Mémoires de 7 générations d'exécuteurs
terrible poing pût les atteindre, il les accablait des qualifications les plus injurieuses, et il les envoyait, sans ambages, à tous les diables de l’enfer.
Parmi ceux-là son fils occupait nécessairement le premier rang. En stigmatisant les fauteurs du désordre, c’était toujours Jean-Louis qui les représentait à ses yeux. Depuis que la contagion des instincts révolutionnaires avait gangrené cette chair de sa chair et ce sang de son sang, il semblait que cette révolution détestée se résumait dans ce fils, jadis si cher. Avec la naïve bonne foi des convictions véhémentes, il le rendait responsable de l’esprit séditieux qui envahissait toutes les classes et qui excitait si fortement son indignation. Un peu plus, et il l’eût tenu pour convaincu d’avoir, aux lieu et place de M. de Lafayette, prononcé, pour la première fois, ce mot étrange d’assemblée nationale, et répondu au comte d’Artois, qui s’étonnait qu’un membre de la noblesse osât parler de convoquer les Etats généraux : « Oui, Monseigneur, et même mieux que cela ! »
La paternité ne plaidait plus la cause de cet enfant réprouvé. Le cœur de maître Mathurin s’endurcissait dans la colère et dans l’horreur que lui causait une apostasie qui l’avait frappé à la fois dans son orgueil et dans sa religion. Les sentiments ne débordaient plus au dehors, les scènes étaient moins fréquentes ; mais en perdant de leur violence expansive, en se concentrant, ils gagnaient en puissance, et ses passions politiques n’étaient pas loin de devenir du fanatisme. Quelquefois assis sur un angle de son enclume, les bras croisés, la tête inclinée sur la poitrine, il laissait tomber sur son fils des regards farouches et on l’entendait murmurer à voix basse des paroles sinistres et menaçantes.
Cette situation affectait cruellement Jean- Louis. Ce n’était pas pour lui-même qu’elle l’épouvantait ; mais chaque jour, il lui semblait que le front du vieillard devenait plus pâle que la veille ; chaque jour il surprenait une ride nouvelle sur ce visage altéré ; il voyait les yeux du vieux maréchal s’enfoncer de plus en plus dans leurs orbites, et l’éclat fiévreux dont ils brillaient, augmenter. Il comprenait que, si déraisonnable que fût le chagrin de son père, ce chagrin n’en acquérait pas moins les proportions d’un mal sérieux, qu’il dégénérait en consomption, et allait avoir des conséquences terribles pour sa santé ; il se reprochait amèrement d’être, sinon la cause, du moins le prétexte du désastre qu’il redoutait ; il résolut de tout tenter pour arriver à le conjurer.
Un dimanche l’atelier était fermé, la forge éteinte et muette. De la fenêtre de la chambre qu’il habitait, Jean-Louis aperçut son père qui revenait de la messe, suivi de la servante ; il remarqua que le pas, jadis si ferme du vieux maréchal, était chancelant et mal assuré ; il fut consterné de l’altération toujours croissante de ses traits et résolut d’exécuter ce qu’il avait décidé. Il descendit donc précipitamment l’escalier afin de provoquer l’explication qui devait ramener le calme dans la maison.

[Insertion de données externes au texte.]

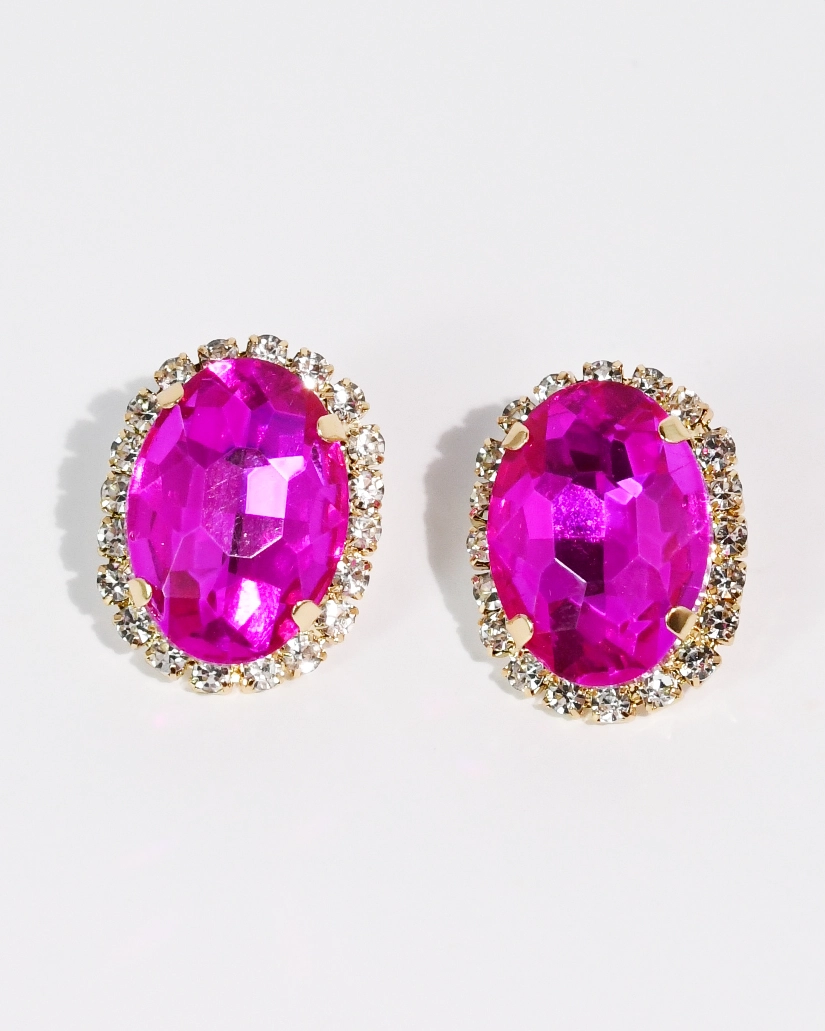 The Dolce Rosa Studs with vivid pink oval stones and crystal accents by TREASURE JEWELS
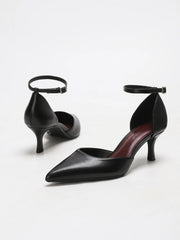 Leather Pointed Toe Mule Heels - Lightweight Breathable Stiletto Pumps Party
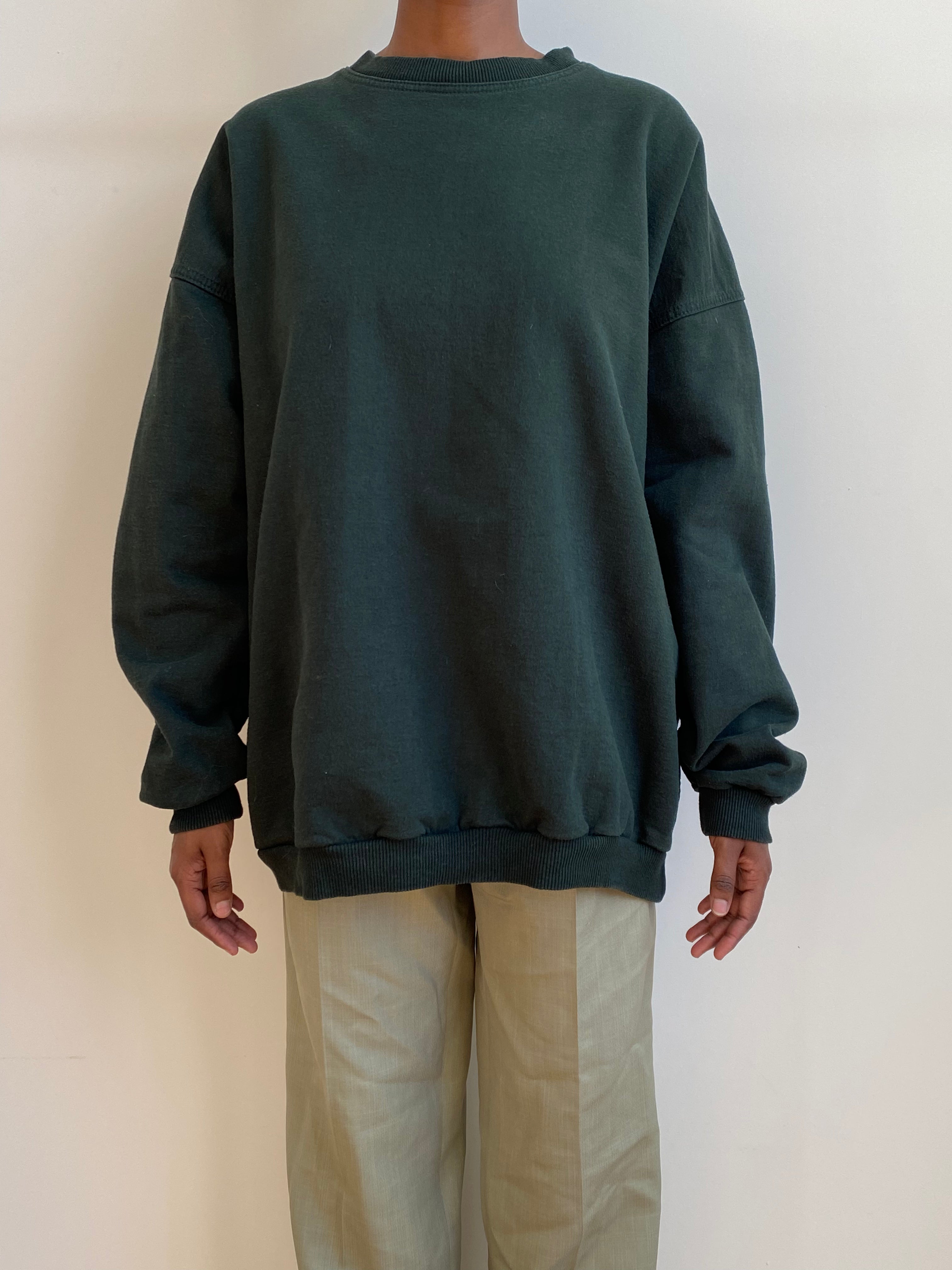 dark green oversized crewneck sweater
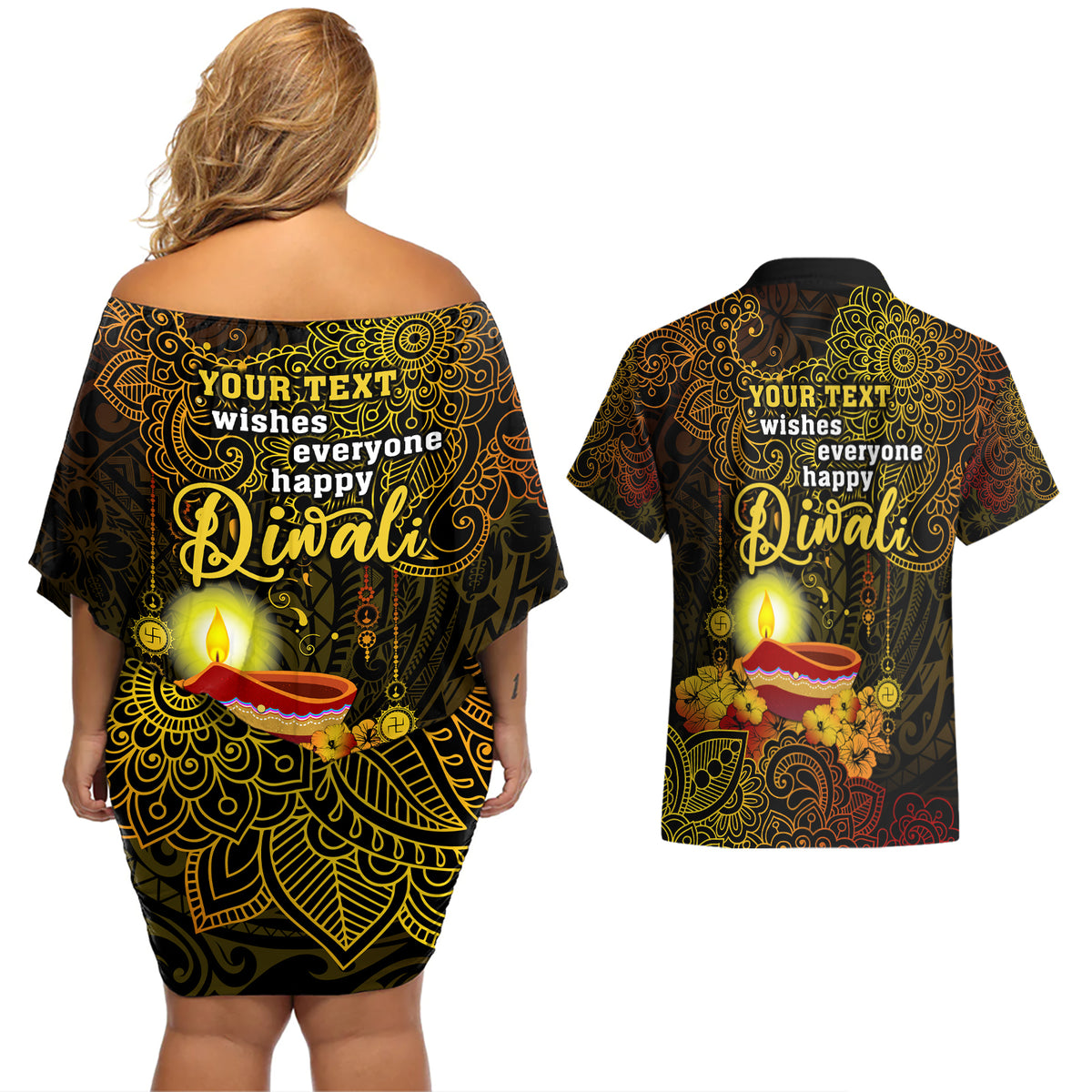 personalized-happy-diwali-festival-couples-matching-off-shoulder-short-dress-and-hawaiian-shirt-diya-lamp-hibiscus-polynesian-pattern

Mais Jean-Louis avait mal choisi son heure.
Les écuries employaient maître Mathurin qui, chaque année, portait à l’écuyer de trimestre le livre où il enregistrait ses comptes avec la maison du roi, afin que cet officier le vérifiât et le visât bon à être payé par le trésorier de l’épargne.
La veille, le vieux maréchal-ferrant avait rendu sa visite annuelle à ce fonctionnaire.
Celui-ci avait examiné le compte, avait paru le trouver très en règle, mais ne l’avait pas moins rendu à l’artisan en lui disant avec un triste sourire :
— Cette année, j’aurai le plaisir de vous voir deux fois au lieu d’une, monsieur Louschart ; depuis quelque temps nos créanciers nous malmènent, tout trésor royal que nous sommes, et tant de dents ont mordu au gâteau qu’il n’en reste pas une pauvre bouchée à vous offrir.
Le visage de maître Mathurin s’était plissé à ces mots, et il avait fait une grimace à la signification de laquelle le trésorier put se méprendre.
— Monsieur, avait-il dit enfin, avez-vous reconnu que le total de ce compte était exact ?
— Pardieu ! nous vous connaissons de longue date et nous savons que vous êtes aussi honnête qu’habile, monsieur Louschart.